Abbiamo ripercorso insieme il cammino di Rut. Lo abbiamo camminato con lei per poter cogliere il senso di questa storia della vita di una donna scelta tra i libri dell’Antico Testamento. La storia di Rut è stata scelta tra i libri dell’Antico Testamento, dunque, c’è qualcosa in questa storia di particolarmente importante, che era importante giungesse fino a noi. Abbiamo raccontato la storia di una donna che soffre, che fa dei sacrifici, una donna dal carattere forte, che raccoglie l’esempio della suocera “che si alza e va”, raccogliendo le energie, quel poco di forze rimaste e reagisce.

Siamo partiti con Naomi che si mette in cammino perché ha sentito dell’intervento di Dio nel suo paese natale.
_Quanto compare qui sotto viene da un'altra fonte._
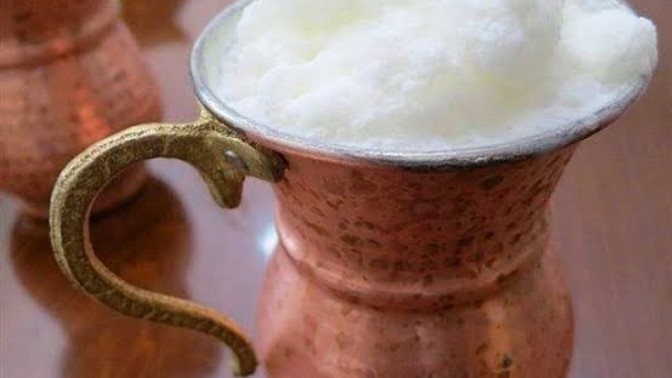 Açık ayran mı, kapalı hazır ayran mı içmeyi tercih edersiniz?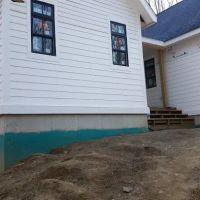 HILLS ROOFING AND RESIDENTIAL ENHANCEMENTS ico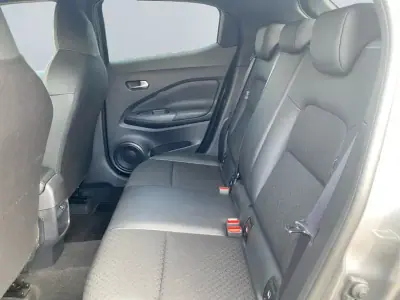 Nissan Juke 2023 - 17900 EUR, 81920 km - AUTO.MOTO.pt - 81920km - foto 9 de 18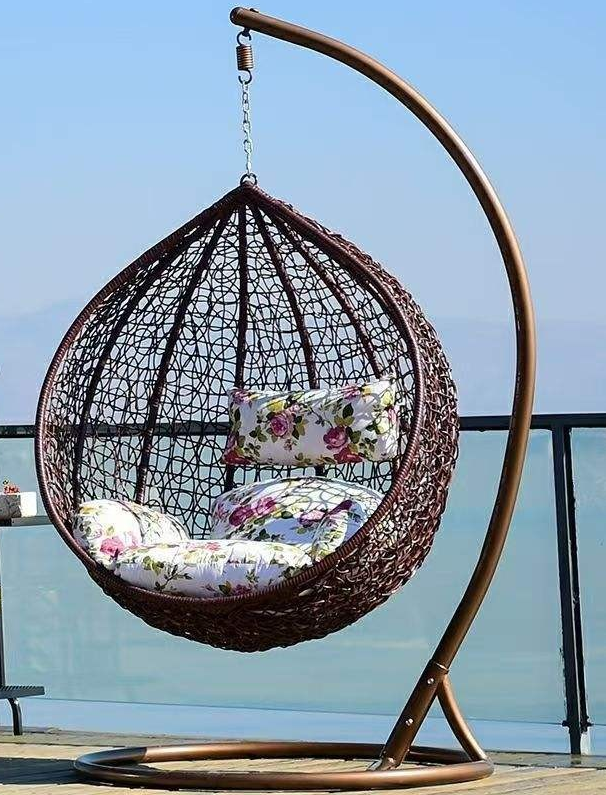 HAMMOCK SWING swing||||garden hammock swing||||balcony hammock swing||||patio hammock swing||||porch hammock swing||||backyard hammock swing||||rope hammock swing||||cotton hammock swing||||macrame hammock swing||||canvas hammock swing||||rattan hammock swing||||wooden hammock swing||||metal hammock swing||||wicker hammock swing||||foldable hammock swing||||portable hammock swing||||single hammock swing||||double hammock swing||||two-person hammock swing||||family hammock swing||||relaxing hammock swing||||decorative hammock swing||||modern hammock swing||||boho hammock swing||||vintage hammock swing||||rustic hammock swing||||scandinavian hammock swing||||luxury hammock swing||||comfortable hammock swing||||durable hammock swing||||lightweight hammock swing||||colorful hammock swing||||neutral hammock swing||||aesthetic hammock swing||||designer hammock swing||||woven hammock swing||||braided hammock swing||||handmade hammock swing||||craft hammock swing||||artisan hammock swing||||eco-friendly hammock swing||||natural fiber hammock swing||||cotton rope hammock swing||||polyester rope hammock swing||||nylon hammock swing||||canvas fabric hammock swing||||indoor hanging hammock||||bedroom hammock swing||||living room hammock swing||||kids hammock swing||||baby hammock swing||||toddler hammock swing||||adult hammock swing||||couple hammock swing||||relax hammock swing||||sleep hammock swing||||nap hammock swing||||lounging hammock swing||||reading hammock swing||||study corner hammock swing||||relaxation hammock swing||||resting hammock swing||||swing chair hammock||||hammock chair swing||||hanging chair hammock swing||||bohemian hammock swing||||macrame hanging hammock||||outdoor relaxation swing||||indoor decor hammock swing||||stylish hammock swing||||luxury hanging hammock||||balcony decor hammock swing||||terrace hammock swing||||poolside hammock swing||||beach hammock swing||||camping hammock swing||||travel hammock swing||||foldable travel hammock||||light travel hammock swing||||portable hammock with bag||||hammock swing with stand||||hammock swing with rope||||hammock swing with cushion||||hammock swing with pillow||||hammock swing with net design||||hammock swing with tassels||||hammock swing with fringe||||hammock swing with chain||||hammock swing with hook||||hammock swing with frame||||hammock swing with canopy||||hammock swing with cover||||hammock swing with mosquito net||||hammock swing with safety belt||||hammock swing with thick rope||||hammock swing with soft cushion||||hammock swing with padded seat||||hammock swing with strong fabric||||hammock swing with anti-fade fabric||||hammock swing with UV protection||||hammock swing with waterproof cover||||hammock swing with steel frame||||hammock swing with iron frame||||hammock swing with wooden stand||||hammock swing with metal stand||||hammock swing with durable chains||||hammock swing with hanging hooks||||hammock swing with easy installation||||hammock swing with adjustable height||||hammock swing with secure hanging||||hammock swing with weight support||||hammock swing with 150kg capacity||||hammock swing with 200kg capacity||||hammock swing with 250kg capacity||||hammock swing with weatherproof design||||hammock swing with rustproof hooks||||hammock swing with breathable fabric||||hammock swing with soft touch||||hammock swing with luxury fabric||||hammock swing with elegant design||||hammock swing with classic design||||hammock swing with modern design||||hammock swing with stylish texture||||hammock swing with boho design||||hammock swing with artistic details||||hammock swing with macrame knots||||hammock swing with cotton weave||||hammock swing with handmade details||||hammock swing with unique pattern||||hammock swing with premium quality||||hammock swing with natural materials||||hammock swing with strong construction||||hammock swing with stable frame||||hammock swing with anti-slip base||||hammock swing with heavy-duty hooks||||hammock swing with soft rope design||||hammock swing with soft cushioning||||hammock swing with gentle swing||||hammock swing with smooth motion||||hammock swing with comfortable seat||||hammock swing with ergonomic curve||||hammock swing with wide seat||||hammock swing with headrest||||hammock swing with neck support||||hammock swing with armrest||||hammock swing with leg rest||||hammock swing for relaxation||||hammock swing for sleeping||||hammock swing for reading||||hammock swing for meditation||||hammock swing for resting||||hammock swing for naps||||hammock swing for kids room||||hammock swing for nursery||||hammock swing for living room decor||||hammock swing for bedroom decor||||hammock swing for balcony decor||||hammock swing for patio furniture||||hammock swing for outdoor garden||||hammock swing for pool area||||hammock swing for terrace lounge||||hammock swing for resort use||||hammock swing for beach use||||hammock swing for camping trips||||hammock swing for travel||||hammock swing for hotel use||||hammock swing for Airbnb rooms||||hammock swing for spa lounges||||hammock swing for cafes||||hammock swing for restaurants||||hammock swing for rooftops||||hammock swing for verandah||||hammock swing for gazebo||||hammock swing for sunroom||||hammock swing for studio apartments||||hammock swing for minimal spaces||||hammock swing for cozy corners||||hammock swing for reading nooks||||hammock swing for aesthetic interiors||||hammock swing for bohemian interiors||||hammock swing for Scandinavian decor||||hammock swing for rustic interiors||||hammock swing for luxury homes||||hammock swing for tropical vibe||||hammock swing for coastal decor||||hammock swing for relaxation area||||hammock swing for meditation corner||||hammock swing for mindfulness space||||hammock swing for cozy reading space||||hammock swing for indoor garden||||hammock swing for yoga space||||hammock swing for chill zone||||hammock swing for air circulation||||hammock swing for summer days||||hammock swing for sunny balcony||||hammock swing for shady garden||||hammock swing for cool evening relax||||hammock swing for casual seating||||hammock swing for everyday use||||hammock swing with easy storage||||hammock swing with foldable frame||||hammock swing with travel bag||||hammock swing with setup kit||||hammock swing with strong rope ties||||hammock swing with handmade rope||||hammock swing with handcrafted design||||hammock swing with rustic charm||||hammock swing with bohemian look||||hammock swing with luxury appeal||||hammock swing with chic vibe||||hammock swing with breezy style||||hammock swing with resort feel||||hammock swing with outdoor charm||||hammock swing with cozy vibe||||hammock swing with decorative fringe||||hammock swing with tassel details||||hammock swing with macrame lace||||hammock swing with cotton weave pattern||||hammock swing with elegant aesthetics||||hammock swing with modern appeal||||hammock swing with timeless style||||hammock swing with artistic flair||||hammock swing with functional comfort||||hammock swing with high durability||||hammock swing with strong materials||||hammock swing with versatile use||||hammock swing with all-weather strength||||hammock swing with multipurpose design||||hammock swing with indoor outdoor versatility||||hammock swing with trendy look||||hammock swing with fashion-forward design||||hammock swing with eye-catching details||||hammock swing with smooth texture||||hammock swing with soft finish||||hammock swing with cozy seating||||hammock swing with durable stitching||||hammock swing with safety hooks||||hammock swing with sturdy hanging||||hammock swing with secure ropes||||hammock swing with balanced seating||||hammock swing with safe support||||hammock swing with extra cushions||||hammock swing with decorative pillows||||hammock swing with premium rope||||hammock swing with washable fabric||||hammock swing with fade-resistant material||||hammock swing with weatherproof cover||||hammock swing with modern functionality||||hammock swing with tropical theme||||hammock swing with contemporary design||||hammock swing with stylish frame||||hammock swing with elegant color palette||||hammock swing with comfortable ergonomics||||hammock swing with smooth swing action||||hammock swing with breezy comfort||||hammock swing with cozy relaxation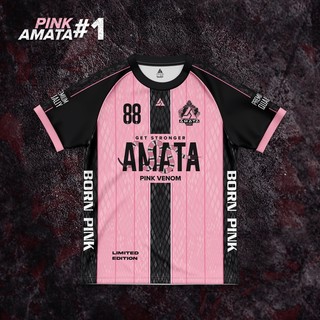 Áo Thun In Hình Blackpink Thời Trang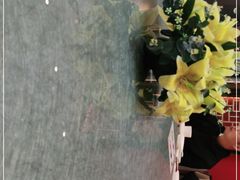 -顺意·顺德家乡菜(国际人才大厦店)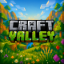 CRAFTVALLEY icon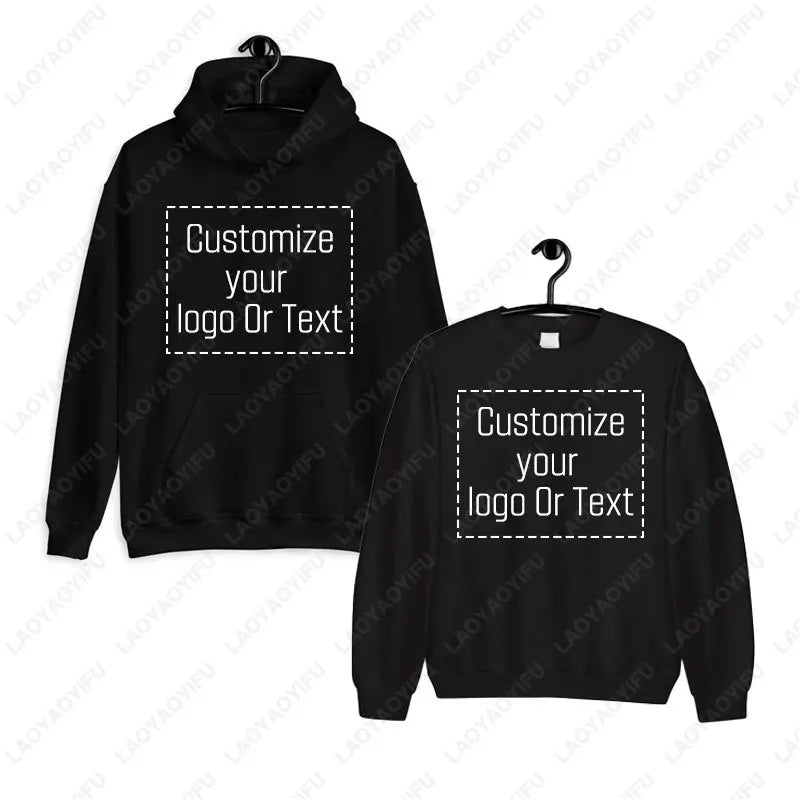 His Grace Is Enough Hoodie | 2 Corinthians 12:9 Christian Pullover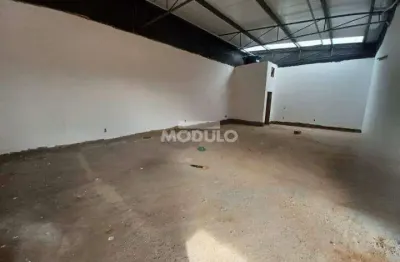 Sala comercial disponivel para locação no bairro Shopping Park.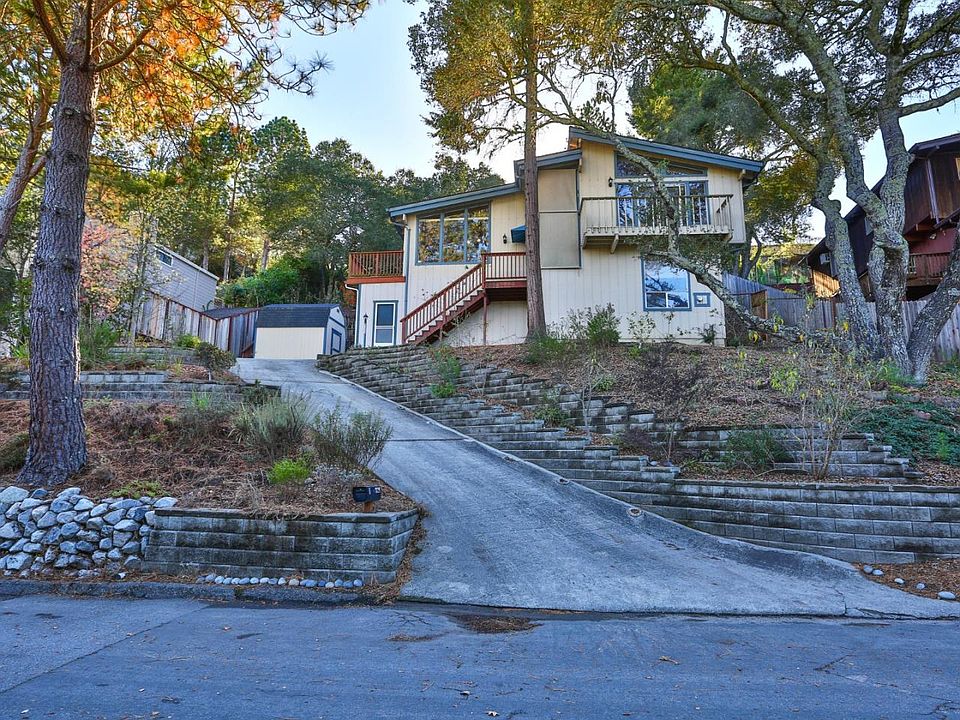 1st image of 725 Whispering Pines Dr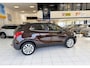 Opel Mokka 1.4 T Cosmo Bovag Garantie NAP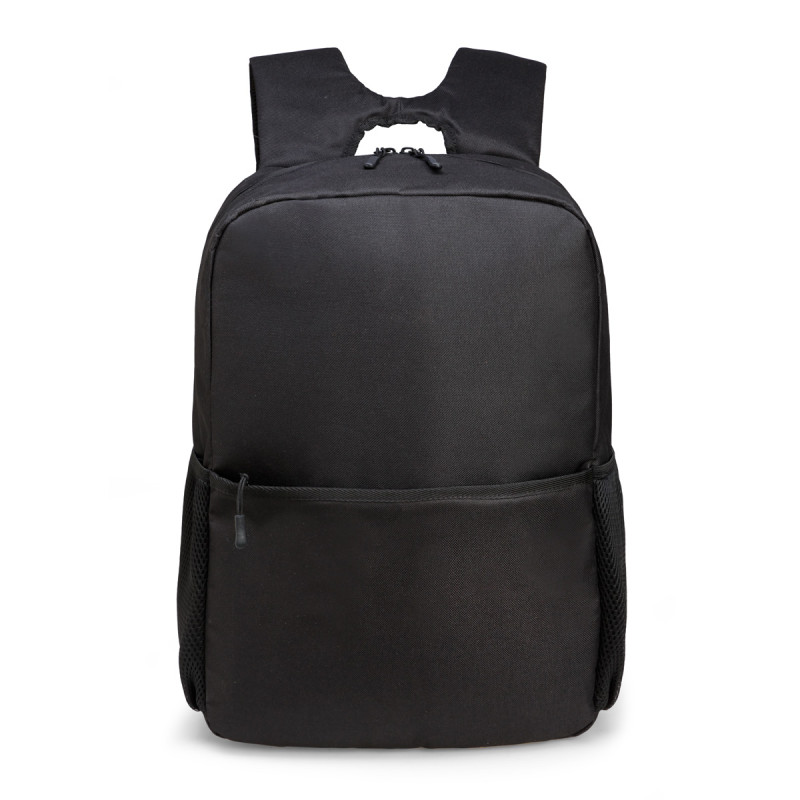 Delegate Laptop Backpack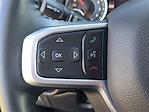 2022 Ram 1500 Crew Cab 4WD Pickup for sale #KJ24807A - photo 25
Dio è intervenuto in favore del suo popolo facendo finalmente terminare quella carestia che tanto tempo fa aveva costretto a partire Naomi e suo marito Elimelec. Siamo giunti alla fine del racconto con Dio che dà la grazia di un finale inaspettato a Rut, a Naomi e a Boaz.

Dio appare appena. Viene nominato varie volte da Boaz e da Naomi, ma la sua azione diretta avviene solo due volte ad incorniciare questo racconto. Naomi ritrova la forza di alzarsi in seguito al sapere che Dio è intervenuto in Giuda e che ora non c’è più la carestia. E alla fine Dio interviene facendo concepire un bambino a Rut e Boaz. Dio c’è all’inizio, Dio c’è alla fine; ma Dio è presente nel silenzio assordante del cammino doloroso? Questa la grande domanda del libro di Rut. Dio è il grande presente-assente del libro di Rut, Dio è il grande presente-assente delle nostre vite, incorniciate dalla sua azione che però non è palese e luccicante fatta di effetti speciali che tutti possono notare. Le nostre vite fatte di scelte, di dolori e di legami proprio come quella di Rut, la moabita. Le nostre vite fatte anche di momenti di sacrificio e di domande. Ripercorrendo la vita di Rut vediamo che l’azione di Dio non è slegata dalla azione dei vari attori di questo racconto, dal coraggioso continuare ad agire, ad adoperarsi per loro stessi e per gli altri. L’adoperarsi non è inutile, il muoversi e lo stringere i denti non sono inutili.

Dio non vuole essere primo attore delle nostre vite. Dio vuole che noi siamo attori delle nostre vite. Lui si occupa della regia, se noi attori ci lasciamo guidare dal regista. Ogni tanto ci invia segnali confortanti che le nostre vite non sono un caso, come quando a Rut, a Naomi e a Boaz nasce un bambino, ma sta a noi riconoscere questi momenti come segnali, sta a noi cogliere questi segnali come piccole tracce preziose della sua azione e smettere di aspettare gli effetti speciali.